Wednesday, January 8, 2014

Writers, Photos, Fear, and Me: Getting Back in the Picture

Perhaps you already know that about 7 weeks ago, after avoiding it for seven years, I finally had a new photo taken for professional use (there it is, at left!). I told the story about how I got over my photo fear in my Thanksgiving newsletter, and mentioned it on Facebook

What happened next surprised, intrigued, and in some ways saddened me: within hours, more than 50 individual emails, and dozens of Facebook comments from other (mostly female) writers, all described feeling the same dread of posing for a new photo. Clearly, we all needed a reality check.
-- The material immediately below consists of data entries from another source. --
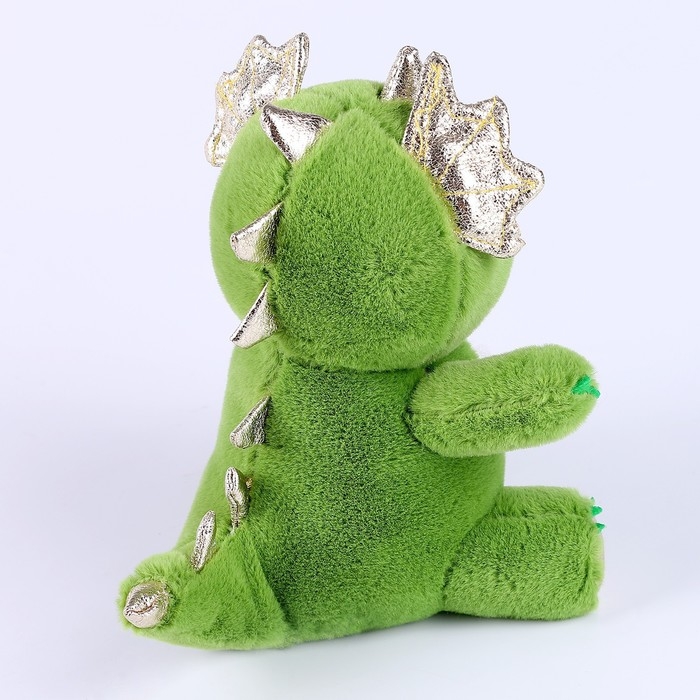 Новогодняя мягкая игрушка "Дракоша с леденцом"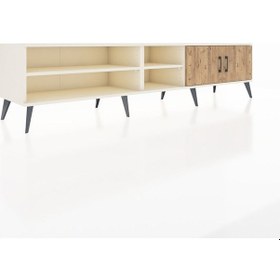 Resim Hyperion Tv Ünitesi 3 Raflı 2 Kapaklı 220x44x51 Aytaşı-çam/aytaşı Atlas Çam/aytası - Aytası 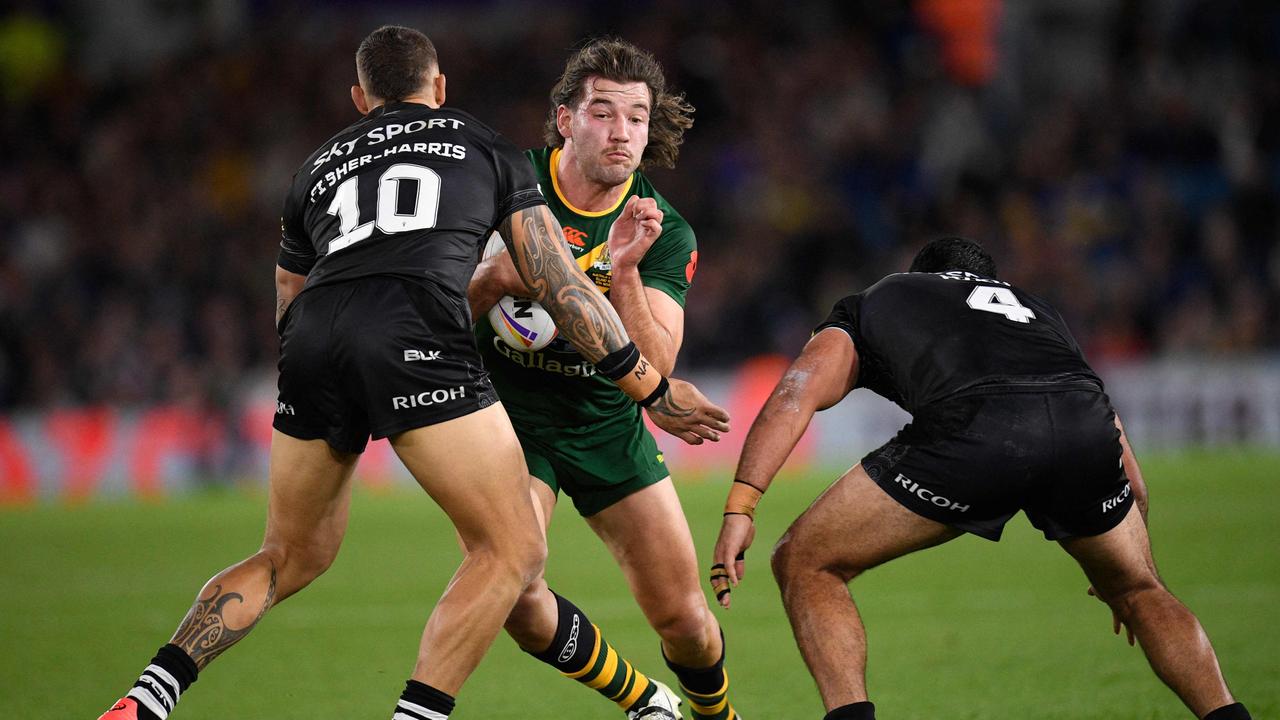 Patrick Carrigan is rated a future Broncos captain, but will not be a co-captain in 2023. (Photo by Oli SCARFF / AFP)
Then in December, SheWrites, the wonderful web community, invited me to share the story, which includes this excerpt: 
...Recently, when asked for photos to accompany essays from my memoir manuscript, about the relationship I formed with my father after he died, I persuaded each editor that something else would be more interesting--me and Dad on my wedding day; him holding me as a toddler; an image of Las Vegas (where he'd retired).   
But I was delaying the inevitable. A month ago, an editor of a print magazine insisted. She suggested I stand in front of a leafy tree and snap a selfie, and while that appealed to my budget (one son in college, another heading that way), I knew I needed help to get camera-ready, a village, and that costs. Photography sitting fee. Make-up artist. A decent  haircut, coloring, style. Then, paying for the actual images.  
Then there were the emotional costs: Age, more weight gain, a neglected appearance, and a bitterness that a writer's physical appearance mattered. That my story might be judged, maybe before the words are even read, based on the size of my chins, my age, the fleshy contour of my cheeks, the width of my nose, the wrinkles around and the bags under my eyes. What did any of that have to do with the words, story, with writing?   
But pictures do tell stories. And the one I joked I'd use until I was 90, suddenly struck me as telling the wrong story. That woman no longer exists, in ways that please and pain me... 
You can read the full post over at SheWrites. I'd love it if you would chime in, either here in comments, or over there, with your own thoughts on the subject. Are you getting in the picture?


4 comments:

Andrea said...

This is a great story--and a great photo (and great hair!)! Yes, I'm always the one behind the camera... our family album looks like a single dad with three kids and the occasional pair of women's shoes shot from waist height. I'm always horrified by how I look in photos...but you're right. It's who I am and time to get one taken!

brenda said...

I remember reading your story. Glad you did.. wonderful picture. I too wonder what the picture has to do with the story, but it matters. I was recently told I had to add my photo to my blog... really!? Oh well, here we go...

Unknown said...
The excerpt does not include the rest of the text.